From left, Sens. Cory Booker, D-N.J., and Kamala Harris, D-Calif.; Rep. Al Green, D-Texas, and other congressional Democrats attend a news conference to unveil policing reform and equal justice legislation on Monday.

From left, Sens. Cory Booker, D-N.J., and Kamala Harris, D-Calif.; Rep. Al Green, D-Texas, and other congressional Democrats attend a news conference to unveil policing reform and equal justice legislation on Monday. Manuel Balce Ceneta / AP

Democrats Push Body Cameras for Federal Officers as Part of Police Reform Legislation

Employees have mixed reactions to proposals, which include new use-of-force standards for federal law enforcement.

Congressional Democrats are pushing for reforms to federal law enforcement, including requiring all uniformed officers to wear body cameras, as part of larger police reform legislation in the wake of nationwide protests against police brutality. 

In addition to the body and dashboard cameras, the 2020 Justice in Policing Act would require federal law enforcement officers to use de-escalation techniques and use deadly force only as a last resort. The measure, introduced Monday with 200 cosponsors in the House and Senate, follows international outrage over the police killing of George Floyd in Minnesota last month. The practices of federal officers have also come under scrutiny after President Trump deployed thousands of them around the country to quell mostly peaceful protests taking place in dozens of cities. 

“We are here today with common-sense solutions, at least at the federal level, to hold police accountable,” said Sen. Kamala Harris, D-Calif., who helped introduce the bill in the Senate. 

Police forces have increasingly turned to body cameras to boost transparency and accountability for officer actions, but there is no current requirement for officers at the federal level. The Border Patrol has experimented with body cameras, completing two pilot programs to test the technology. It has not adopted their use, though it issued a request for information for body cameras last year. 

In addition to body-worn cameras, the legislation would require federal police vehicles to have dashboard cameras mounted. The bill would task the Government Accountability Office with launching an investigation into the federal officers’ training, vehicle pursuits and use of force. Federal law enforcement personnel would face a ban on using chokeholds and similar tactics to restrain individuals they are detaining. The measure would require bias and duty to intervene training for federal officers, ban “no-knock warrants” in federal drug cases and change federal personnel’s use of force standard from when it is “reasonable” to when it is “necessary to prevent death or serious bodily injury.” 

Larry Cosme, president of the Federal Law Enforcement Officers Association, took issue with many provisions of the bill and said reform efforts would be more effective if stakeholders were engaged in the drafting process. On the issue of body cameras, Cosme said he would support it for some officers but not agents in investigatory roles who deal with confidential informants. He suggested U.S. Capitol Police and the Interior Department’s Park Police begin using the cameras as a pilot.

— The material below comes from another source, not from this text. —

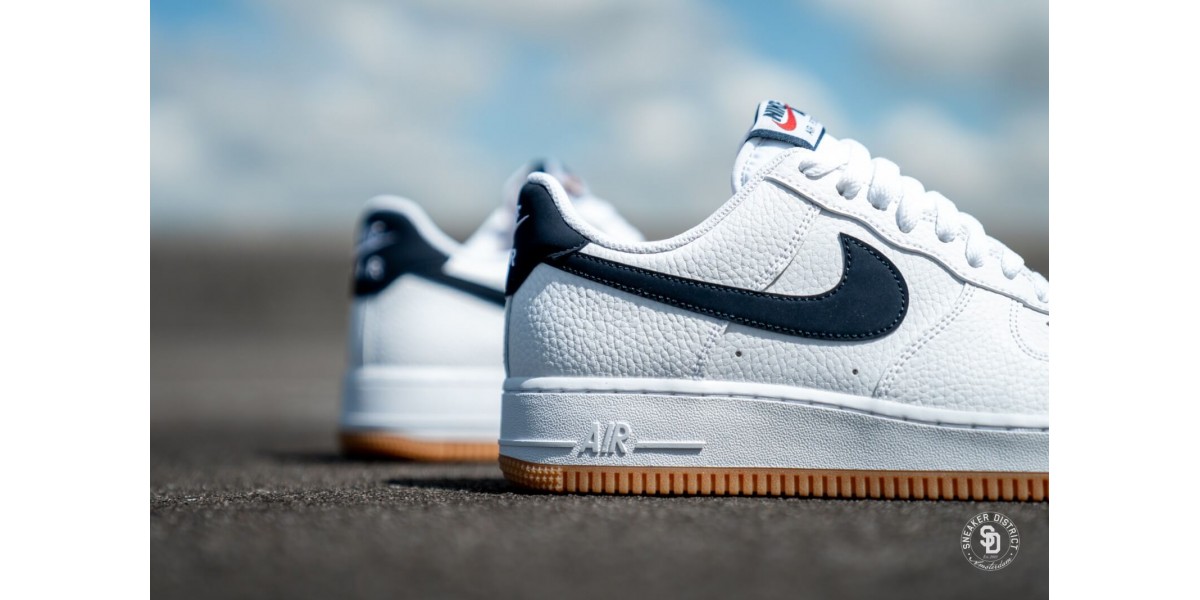 NIKE AIR FORCE 1 '07 2 WHITE／OBSIDIAN値引きは不可とさせてください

Cosme added FLEOA was “totally against” changes to the use of force standards for federal officers.  

“What’s next, we're going to be giving out flowers to anyone attacking an individual?” he asked. “At the end of the day if you’re meeting a deadly force threat, you have to deploy deadly force.” Cosme added, “You’re talking split second decisions.” He further suggested federal officers should not be subject to a “complete ban” on chokeholds, noting every situation is different and they are sometimes necessary. Their use has faced severe criticism after police officers deploying the tactic killed unarmed individuals in several high-profile incidents caught on video.   

Cosme, a federal agent for nearly three decades, most recently with Homeland Security Investigations, supports more training for federal officers throughout their careers. That can include deescalation tactics, he said, but they should not be the primary focus. 

Joe Murphy, president of American Federation of Government Employees council that represents Federal Protective Service officers at the Homeland Security Department, said he and the officers he represents are eager to use body cameras. 

“I am in support of [officers] wearing them and our members have asked for them over the years,” Murphy said. “Some have even volunteered to pay for their own, [but] we are currently forbidden from wearing them or having one mounted in our patrol cars.”

Murphy added certain concerns about privacy in confidential spaces and with regard to personal phone calls and other conversations could be easily addressed in legislation. 

A DHS advisory panel found in 2015 that Customs and Border Protection should consider outfitting its law enforcement personnel with body cameras. The panel also suggested use of force changes, prohibitions on when to deploy firearms and a large surge in internal affairs investigators. CBP has implemented some of those reforms—leading to declines in shootings by officers—but has resisted others.